Now I’ve had a chance to think a lot about God’s vision of salvation and wholeness since January. I’ve been taking a class from our former Presiding Bishop called “Peace-making and Spiritual Discipline.” It might seem hard to think about peace-making in a world where the goal seems to be to inflict the maximum hurt on each other. But we start with ourselves and our families and work outward. One of the most healing parts of this class has been carpooling there with Fr. Brad who agreed to do this with me. In the car, we talk about everything: about how much we miss you; about how to make peace with “the limitations of our present lives” (Br. Curtis Almquist, SSJE); where God might be calling us to stretch ourselves. And in class, we learn how to live lives of wholeness and integrity in a broken world. We learn practical ways to follow Jesus who shows us how to love in the face of violence and keep God’s vision of wholeness in the face of resistance.
In today’s gospel, Jesus models keeping integrity in the face of resistance. He keeps the vision of God’s salvation in front of him; he shows us how to strive toward that wholeness in less than ideal conditions. Jesus is minding his own business, walking through of Bethzatha on the Sabbath. A bunch of homeless people, blind, lame, and paralyzed are lying around in the doorways. There’s even one man who’s been ill for 38 years! And Jesus doesn’t walk past him. He sees him. He sees from the man’s hunched shoulders that he has long stopped hoping or expecting that these healing waters are going to do anything for him. And Jesus asks, “Do you want to be made well?” Notice the man doesn’t answer his question. Instead, he complains about other people: “Sir, I have no one. No caregiver. No one to put me in the pool when the water is stirred up. And when I try on my own, it’s always the same. Someone else pushes me aside and steps down ahead of me.” Jesus sees this hurt and insult piled up on top of the man’s physical ailment. Jesus doesn’t say to him, “I’ll come back tomorrow and get you out of here when it’s not the Sabbath.
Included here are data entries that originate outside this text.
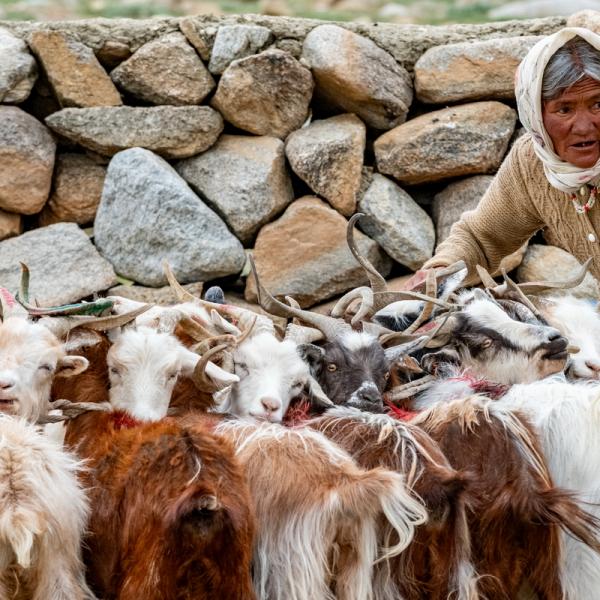 Ladakh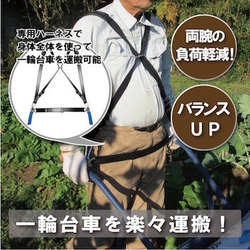 rakuyo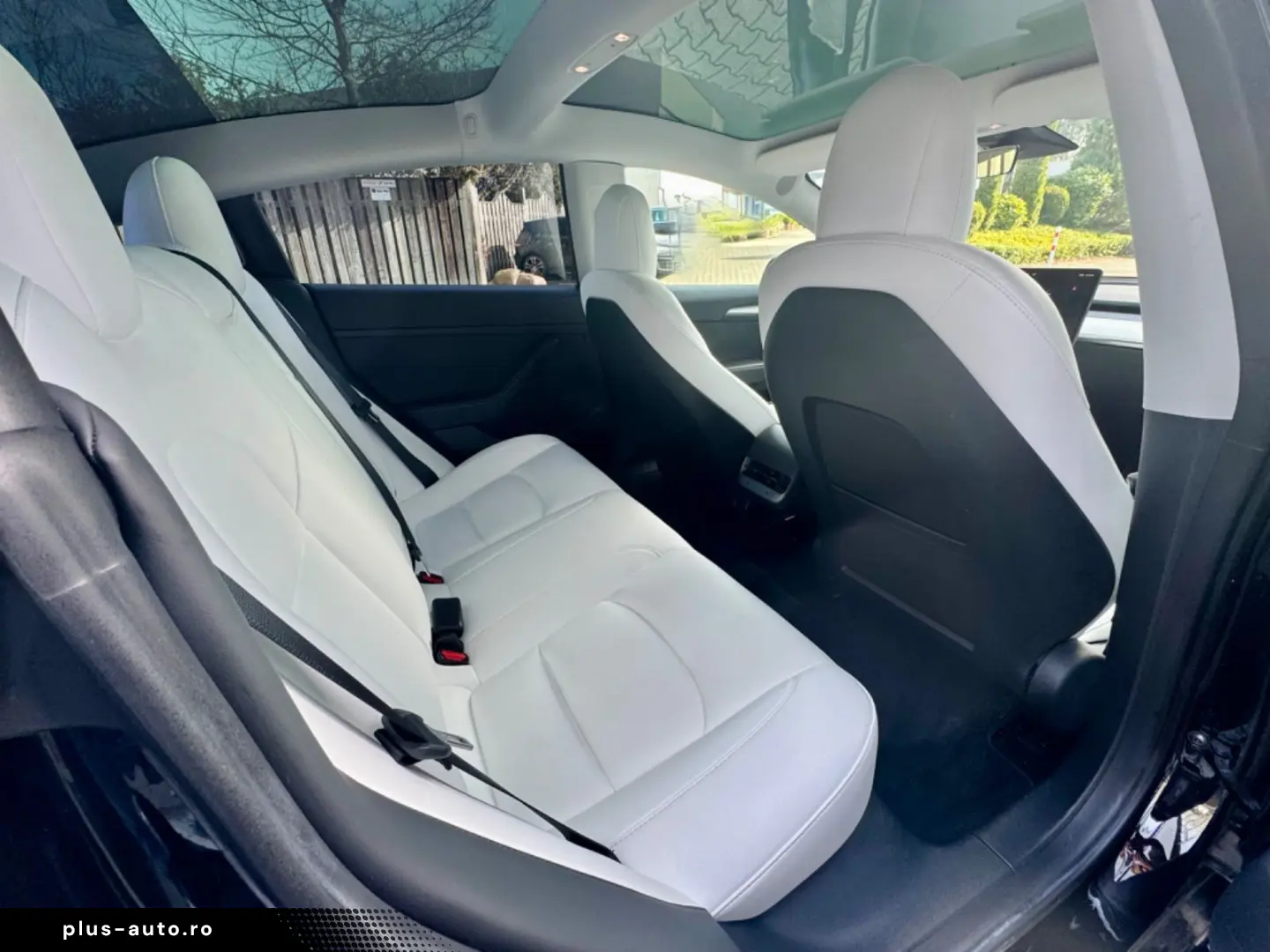 TESLA Model 3 RWD Innen schwarz und weiss VAT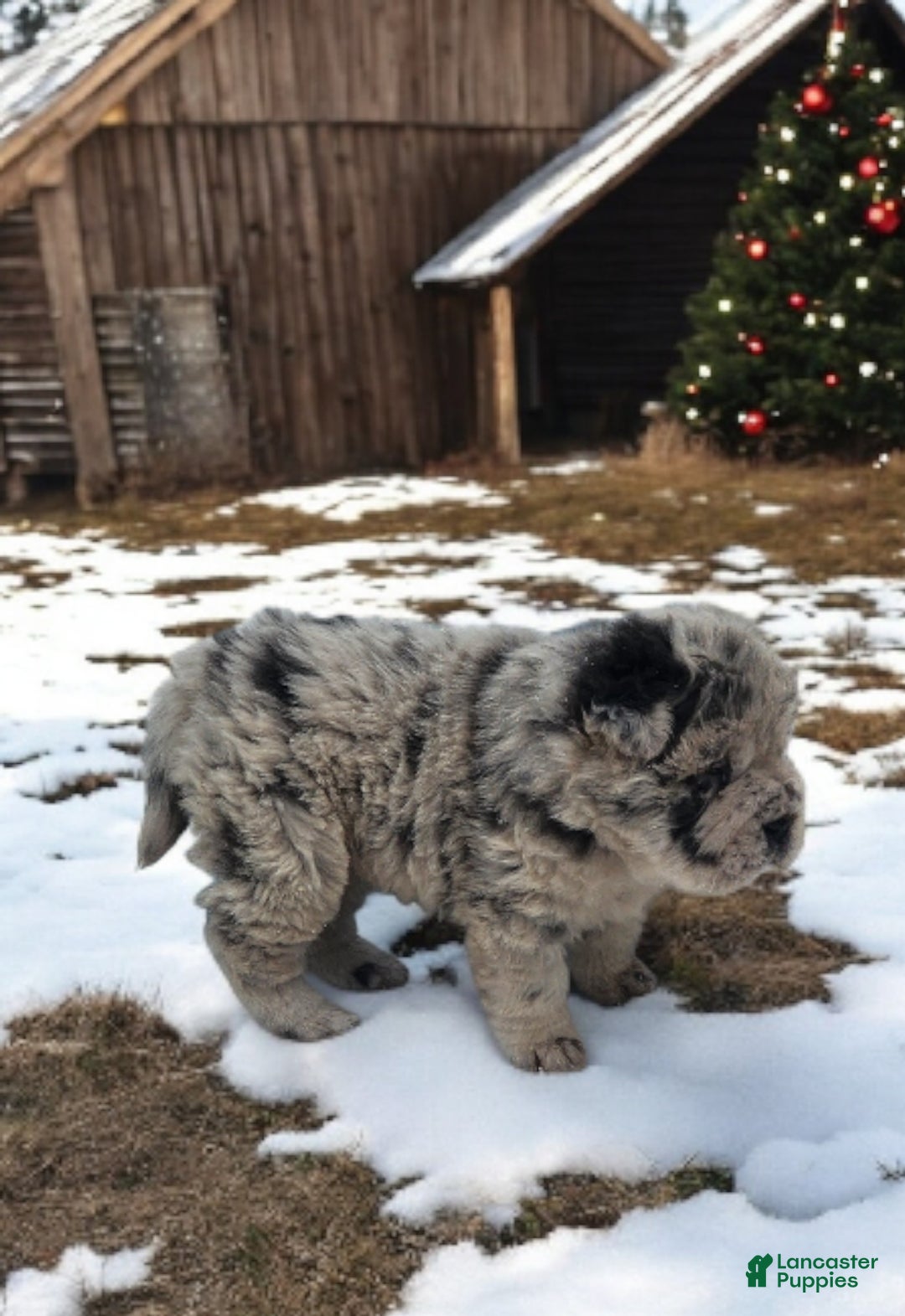 Shar Pei dogs for sale: Mabel merle mini Bear  - Ad 9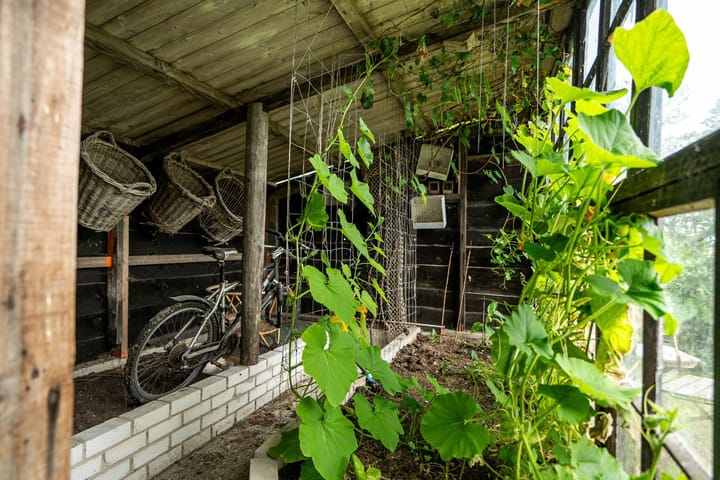 Foto 11 van Zeedijk 21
You’ve been sick 38 years. One more day won’t hurt.” He has the power to heal this man; he doesn’t think this man should have to wait one more minute when the kingdom of God has come near. So Jesus says, “Stand, take up your mat, and walk. “ And the man does.
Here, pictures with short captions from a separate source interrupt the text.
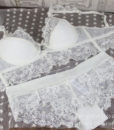 French Famous brand transparent bra romantic temptation lace bra set young women underwear set push up bra and panty set BS307 3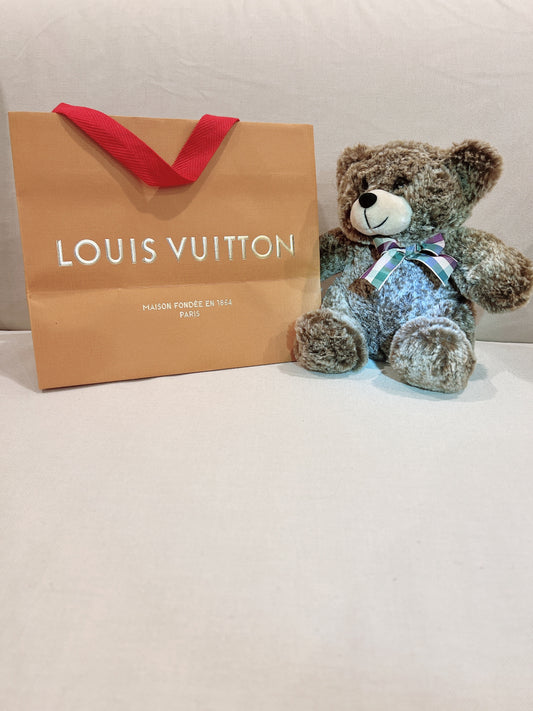 Louis Vuitton Paper Bag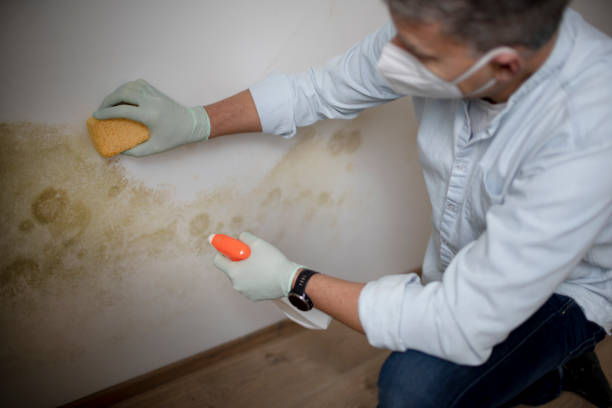 Best Certified Mold Removal  in Mford, IL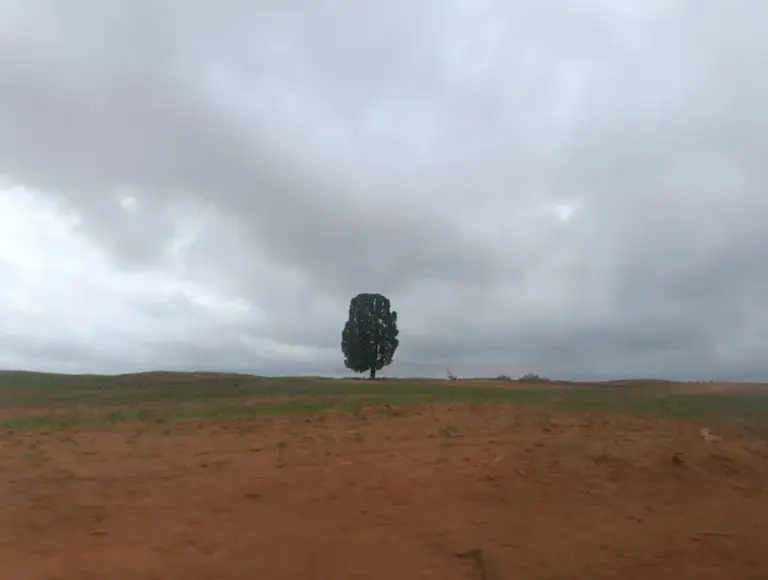 Uso de agrotóxicos cresce quase 200% em 10 anos no Maranhão e expõe moradores a riscos
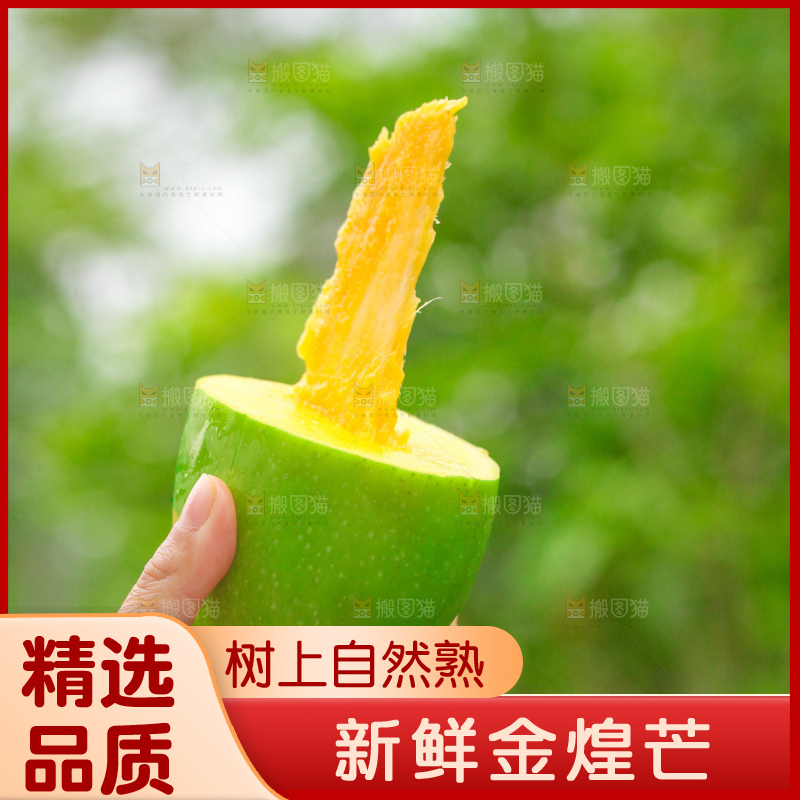 浅底上的绿皮金煌芒
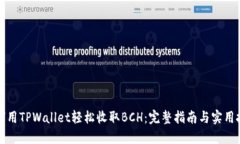 如何用TPWallet轻松收取BCH：完整指南与实用技巧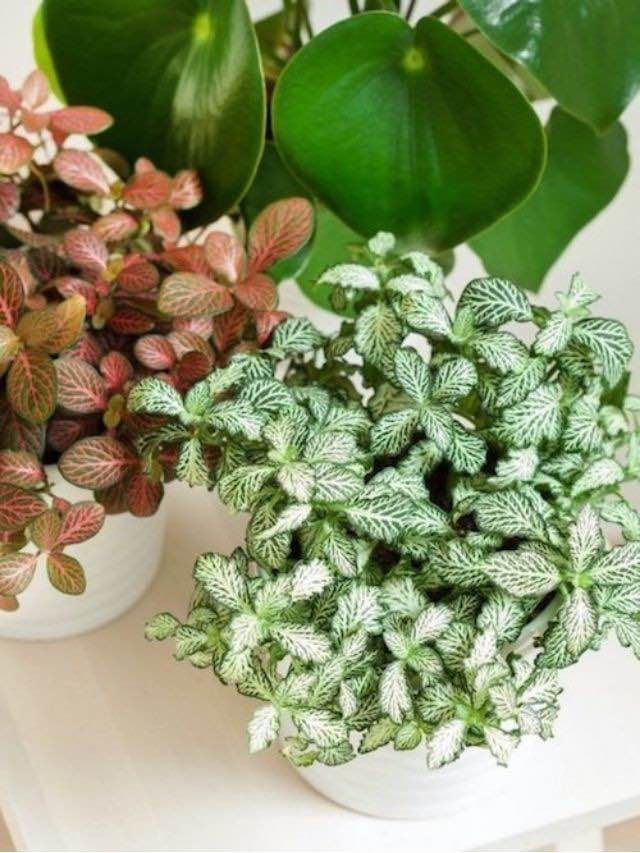 7 plantas perfeitas para casa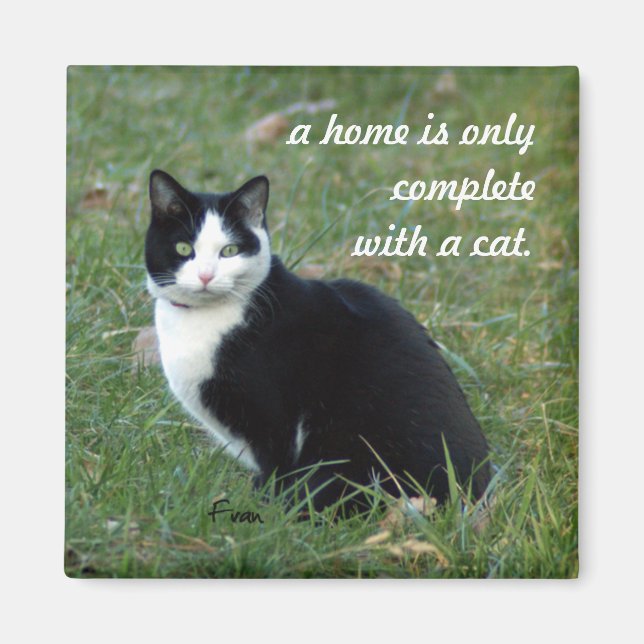 kattvisdom magnet (Framsidan)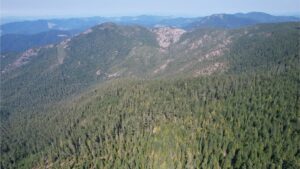 DJI_0382
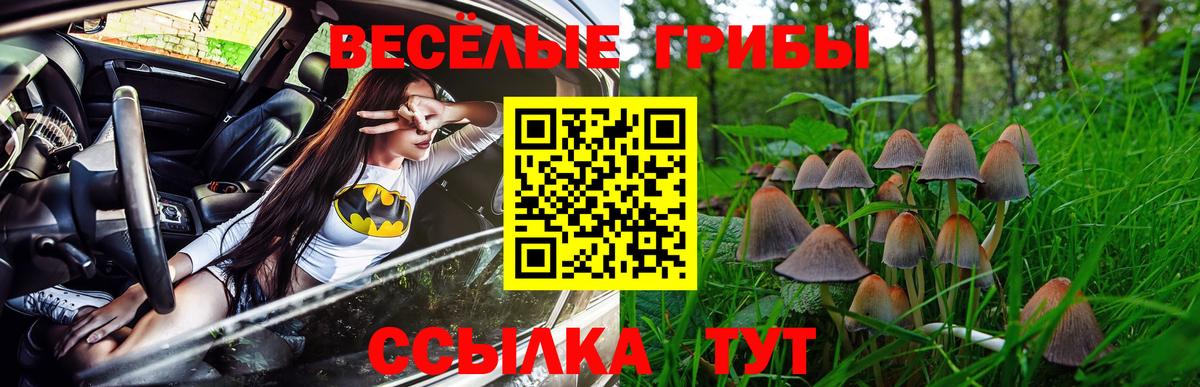 Галлюциногенные грибы GOLDEN TEACHER Сибай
Now if John had ended things there, it would be a beautiful story: “At once the man was made well. He took up his mat and began to walk.” But instead, John adds this note of dissonance, “Now that day was the Sabbath.” On the Sabbath, God was allowed to work because people were born and died on that day, too. The people had to account for that. But nobody else was allowed to heal, or to pick up bedding, or to bail anyone out if it wasn’t life or death. Jesus is long gone, so the religious authorities say to the man: “You’re not supposed to be carrying that mat.” And the man is silent. What’s he supposed to do? Lie down and pretend he’s still lame for another day? They’d rather he carry his burden of illness than carry that mat because that threatens their order of things. But even they can see what’s done is done and can’t be taken back. So they demand , “Who did this to you?” The man has no idea. Later on, when he’s walking in the temple, Jesus seeks him out and says, “See! You look great! You’ve been made well! Now don’t sin—there are worse things than illness—live a transformed life!” The man doesn’t embrace and thank Jesus. He just walks back to the authorities and announces that Jesus was the one who healed him. Now Jesus does not quit in disgust when he realizes he’s going to get in trouble. He doesn’t think, “No good deed goes unpunished.” He takes full responsibility for his actions. He says, “Look, I’m not going to apologize for healing on the Sabbath. If my Father’s working, I work. I’m not out to win votes. I’m doing the will of my Father.” That really makes them mad. The authorities plot to kill him because he’s equating himself with God.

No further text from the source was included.